“The rebundling of creative and media has gone on in different forms since at least 2003,” he said. “But creating real financial structures and appropriately aligning the financial objectives of management in the agencies is relatively new.”
Wren touted Omnicom’s network of “outstanding talent that can truly work together.” But a breakdown of talent working on these integrated accounts would give much deeper insight into what level integration is actually occurring, Wieser said.
“What percent of the employees working at Hearts & Science on P&G were not previously working on P&G?” Wieser asked. “In other words, how many people did they pull over from Starcom? It’s hard to imagine that there’s a complete reinvention of the wheel.”
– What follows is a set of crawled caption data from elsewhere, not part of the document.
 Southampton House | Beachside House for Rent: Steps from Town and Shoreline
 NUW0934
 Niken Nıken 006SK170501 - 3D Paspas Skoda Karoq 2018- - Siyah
Another area Omnicom claims to be reinventing is programmatic, which it is decentralizing in part across its media agency network to diversify client buying options. Omnicom’s trading desk, Accuen, once the agency’s programmatic hub, now operates largely an as an opt-in principal-based buying unit for many clients.
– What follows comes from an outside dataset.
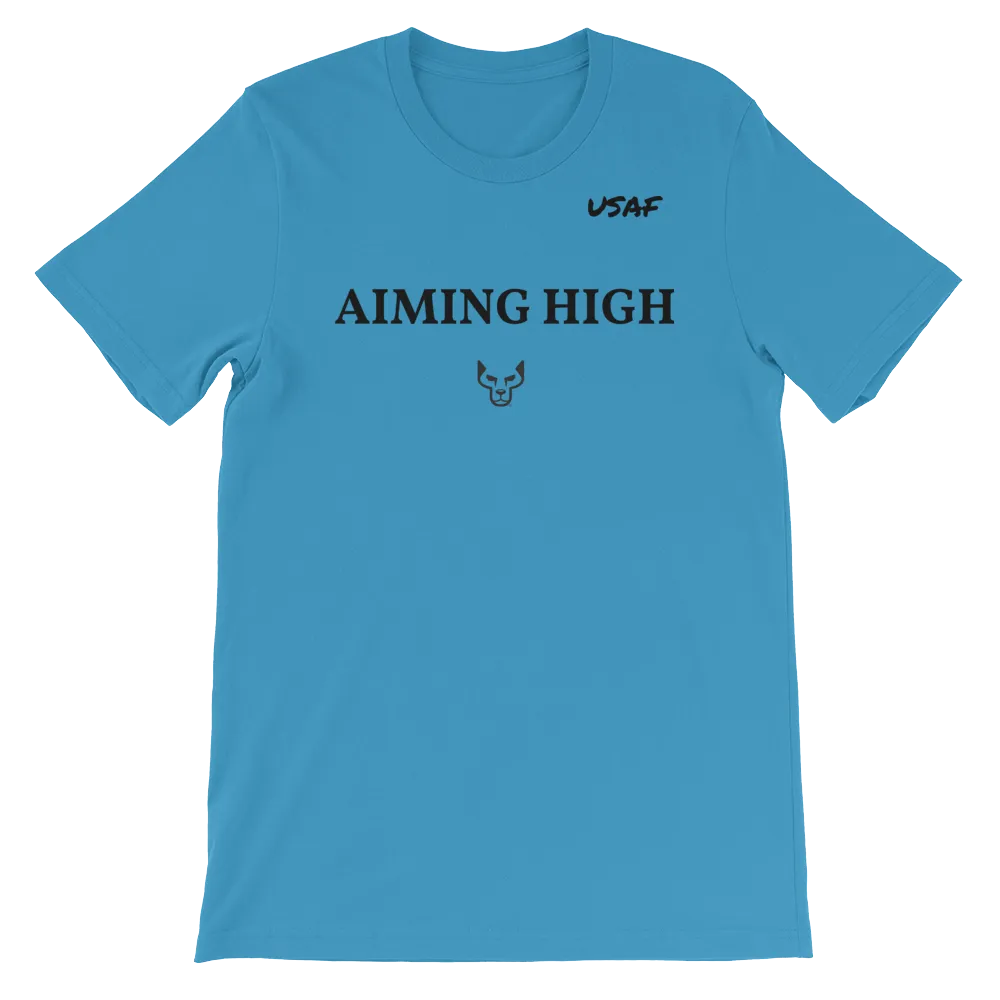 Short-Sleeve Unisex T-Shirt, UnderDog, Aiming High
“We can offer clients a bundled product, which has certain guarantees and they know the price and what they expect to get out of it,” Wren said. “Also, through the three media groups we are able to offer them unbundled products where they have a level of transparency.”
Accuen gained $10 million in incremental revenue growth this quarter, down from $25 million in Q1. But that doesn’t mean programmatic spend is down at the agency, Wieser said.
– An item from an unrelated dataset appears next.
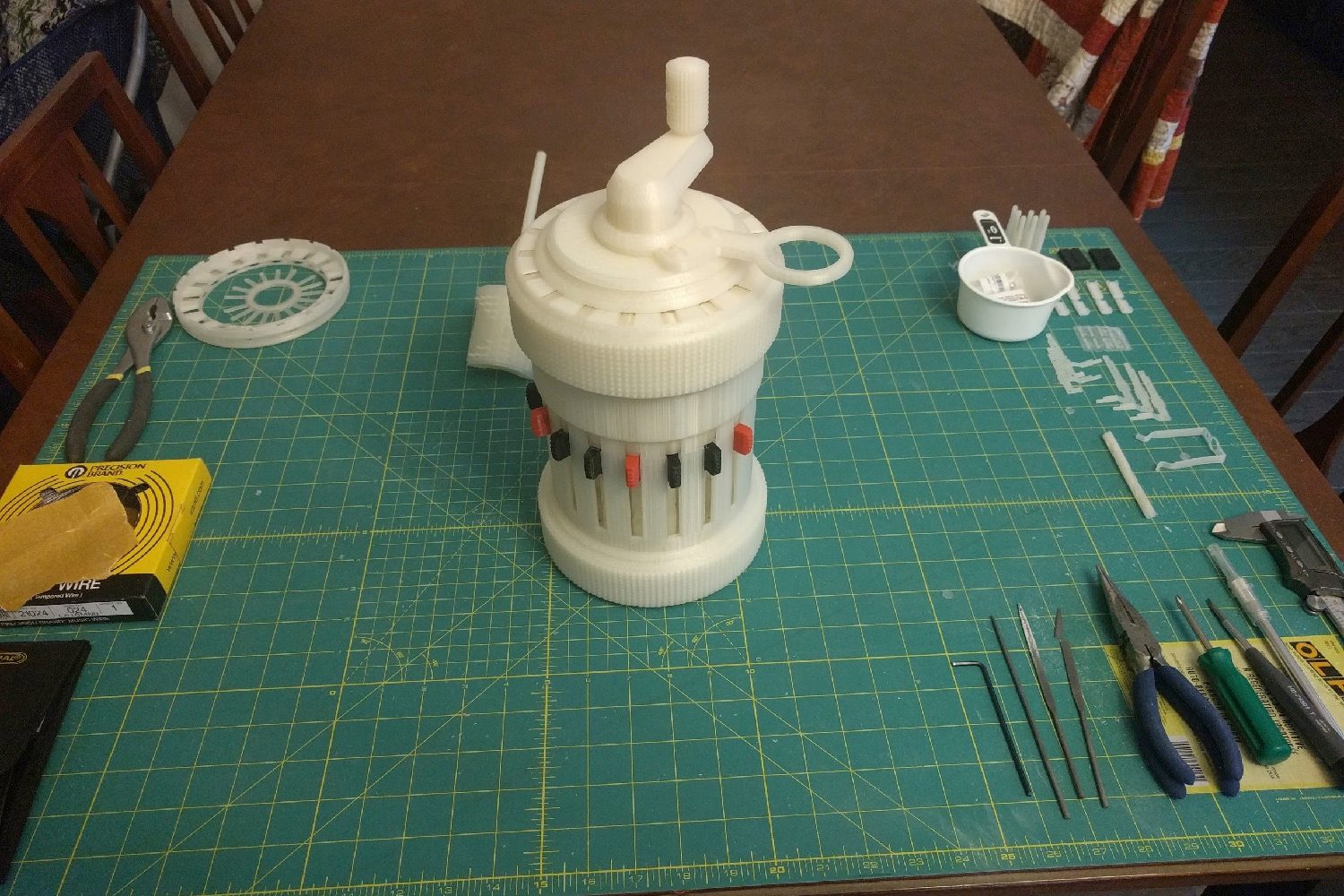 3d printing curta calculator calc1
“On the surface that $10 million is low, but we know enough about Omnicom to know there’s a lot of other places where the money could be and we don’t ever get the transparency from the company to identify it,” Wieser said.
Despite continuing to buy as principal through Accuen, Omnicom looks to third-party measurement vendors to prove that clients are getting what they paid for.
“If you provide a service,” Wren said, “you can’t grade your own homework.”